Field Update: Nov. 4, 2010

After spending another night in the berthing modules, which sleep six people in each of the two modules, we awoke at Coulman High and prepared for a day of surveying the routes between the four primary sites where we will be installing four UNAVCO GPS stations – one at each of the four corners of a diamond encompassing the two primary mooring sites to the north and south, the short-term mooring site to the west, and the GPS only site located to the east. We began our day as before, starting up the vehicles and allowing them to warm up sufficiently before we started to drive, and taking care of all of the camp activities that are required for general housekeeping.

The weather is looking a bit unstable today, with a big pile of clouds hovering over Mount Terror to the west, perhaps indicating a big blow later in the day. The wind is streaming along the surface picking up snow as it flows along around our ankles to the northeast. The traverse team oriented the Case-IH Quadtracks with their blades facing into the wind at the southern end of the camp to break up the wind and reduce the level of drifting that we were experiencing around the containers in their N-S rows. This seems to me to be a great strategy and as I walk around the camp I see the impact of this arrangement on the snow accumulation both directly around the tractors and downwind where snow is beginning to accumulate in drifts on the lee side of both the vehicles and the containers.

We get the PB ready to go by reinstalling the GPR and GPS systems in the cab. Dar suggests that we flag from the PB rather than taking the skidoo today and I agree given the look of the weather and the distant clouds.

We set out to the east and gradually eat up the miles as we collect GPR data and flag at ½ mile intervals when we stop to download the data. The weather starts to change as we get to the southernmost mooring site and begin to survey the west side of our diamond shaped route.

One thing we’ve learned from our training is that the door of a PB can act like a big sail and the wind can whip one out of your hand without warning, potentially bending the hinges and requiring major repairs. Since the wind is picking up, Susan decides to add some straps to hold back the rear door of the PB when we open it to ensure that we don’t damage the hinges when we jump out to put in the flags. This turns out to be a great idea, as the door slams open time and again, but is held back by the webbing avoiding any damage. The winds start to lift the snow higher into the air and our visibility begins to decrease rapidly. In about 15 minutes I can barely see out through the front windshield on my side, and the other side is completely frozen over. We can still drive because the GPS is telling us our route, so we continue to survey to the third site as we watch the weather continue to deteriorate. When we reach the third site, we recognize that we are experiencing Condition 1 (whiteout) weather, but fortunately we only have about five miles to go to get back to the main camp. We radio in our location, but the weather is playing havoc with our reception so no one answers our call, which is not unexpected given these conditions. All we can do is continue to drive toward camp and finish the survey, keeping a close eye on the people exiting the PB every time we stop to flag the route. After about 20 minutes of driving we get a call from the camp on the radio and are able to tell them where we are and explain that we’re on our way back. We continue to drive, but start to steer a bit off track to the west as we approach the location of the camp to avoid potentially running into any of the tractors or containers that are out in the snow beyond our ability to see in these conditions. We go to the waypoint for the northernmost mooring and then turn south moving in a path toward where we know the camp is located. We are crawling along in the PB, only able to see to the end of the boom where the antenna sits in the inner tube tire. Snow is covering the windshield and I can only see through a few streaks as the windshield wipers go back and forth. Claude can’t see anything through the frozen window on his side, so we just keep moving slowly and carefully as we creep up on the camp. Suddenly, a tractor looms out of the haze just in front of the boom and we see a blue container to one side. We are back and didn’t run into anything!!

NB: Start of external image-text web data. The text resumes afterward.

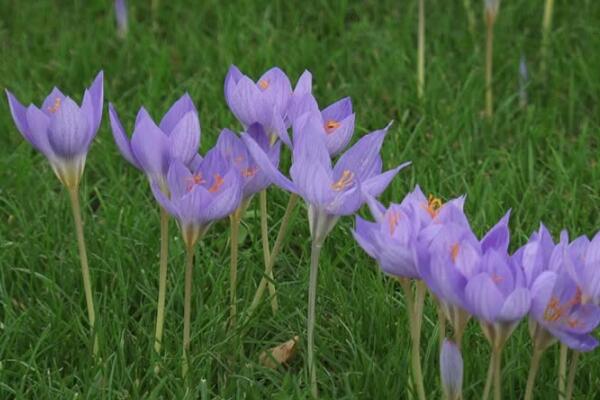 秋水仙有什么作用和價值，藥用價值最廣泛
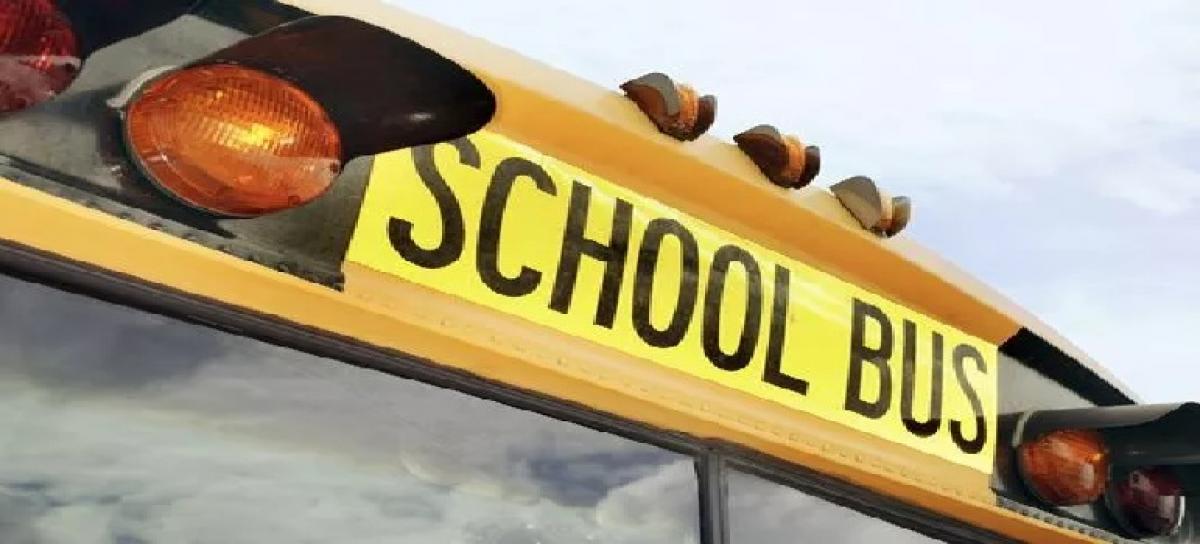 TSRTA suspends 15 school bus permits after two children run over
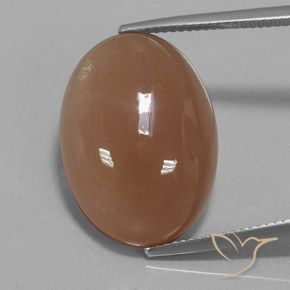 19.57ct Naturel Brun moyen Pierre de lune, ovale, Translucide
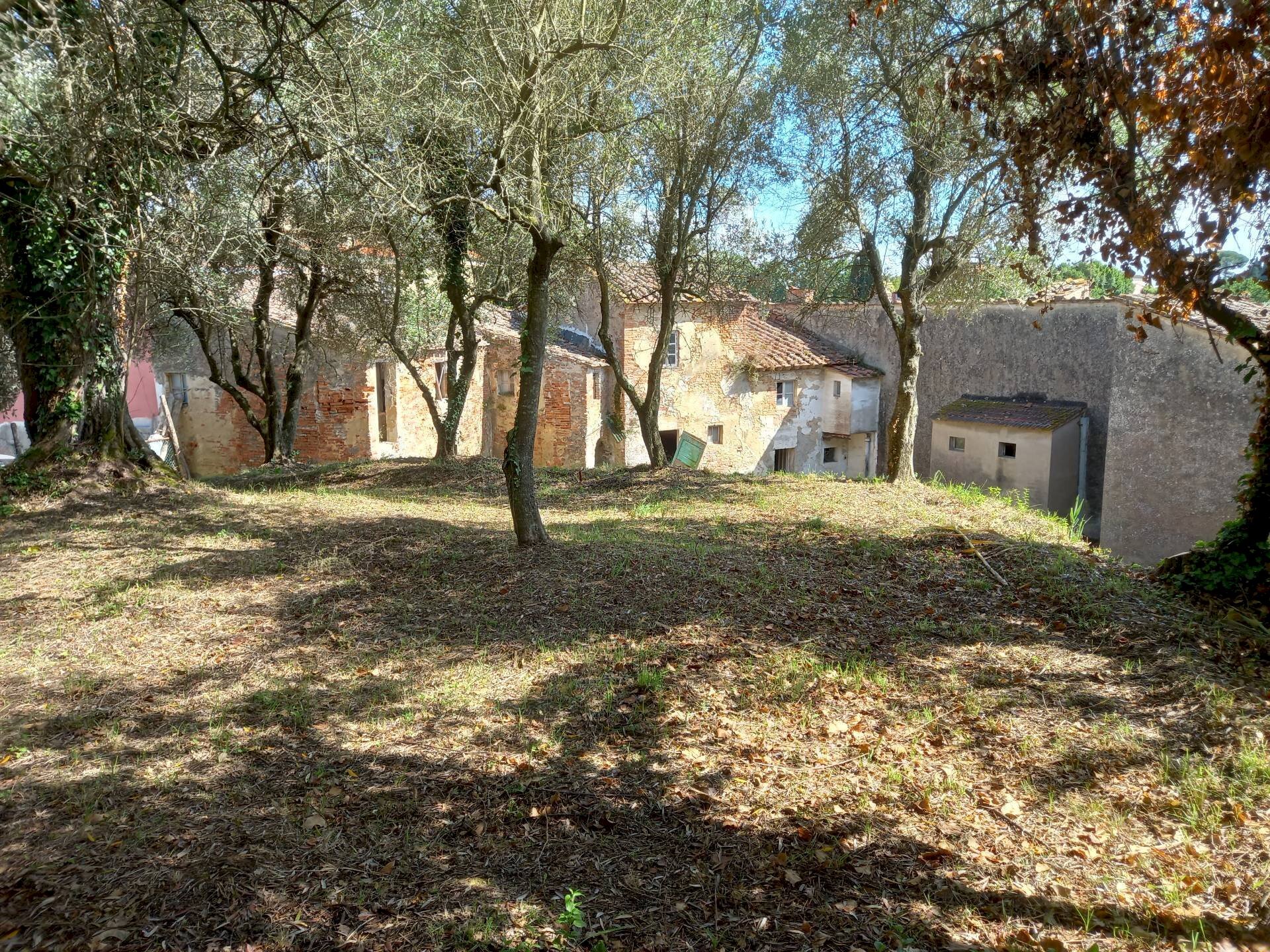 Foto 3 - Casa indipendente Via Bugallo, Crespina Lorenzana - foto 3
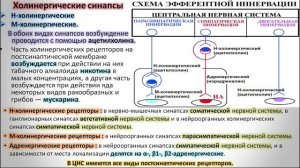 1.5 Синаптическая передача возбуждения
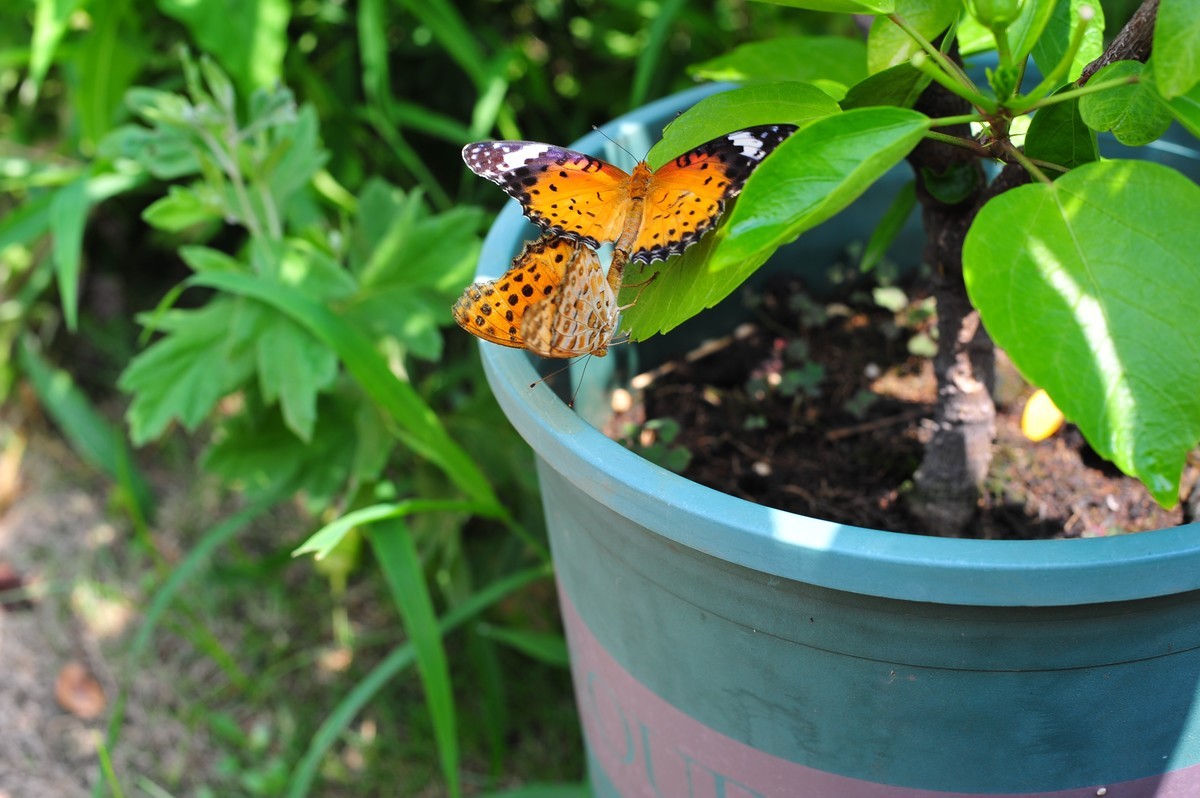 昆虫的世界怎么能少得了花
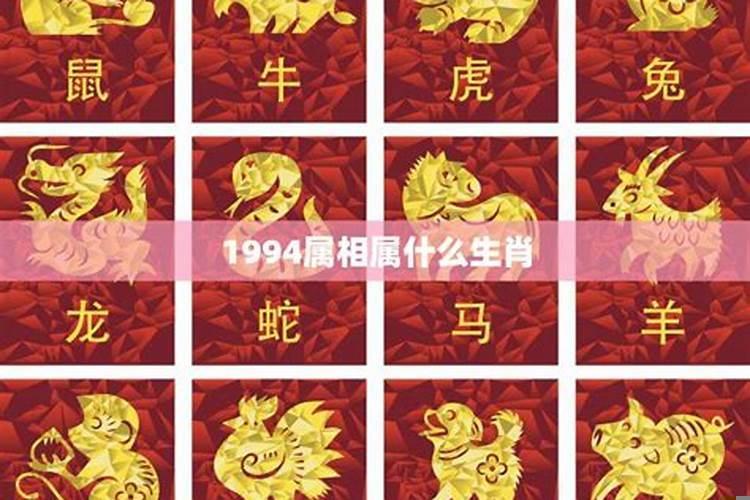 1994年是多少岁属相是什么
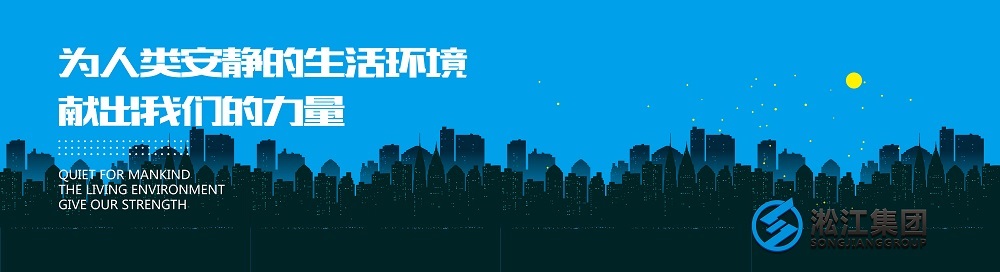 安徽合肥京东方B9橡胶接头安装现场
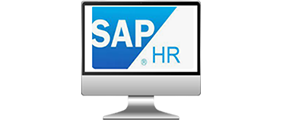 ERO(SAP-HR) 시스템 운영 전문성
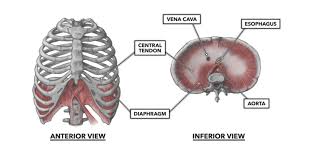 Anatomically, our chest has ten breathing will cause expansion of the rib cage where the muscles are attached, so if the person who has pulled muscle inhales deeply, it will stretch the. Crossfit Thoracic Muscles Part 2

We spend about another twenty minutes trying to find a place between the containers that we can park the PB and safely get to a container and inside. The whiteout lasts for a few more hours and then subsides as quickly as it began, teaching us to respect the weather and watch for sudden changes.

By early evening we are out walking around the camp again and remarking on the conditions out here at Coulman High, where we will live for the next three months. Wind will be a factor, but there will also be clear days, which should provide views of Mount Terror and Cape Crozier on Ross Island. We reflect on our first full day at Coulman High and prepare for the road home.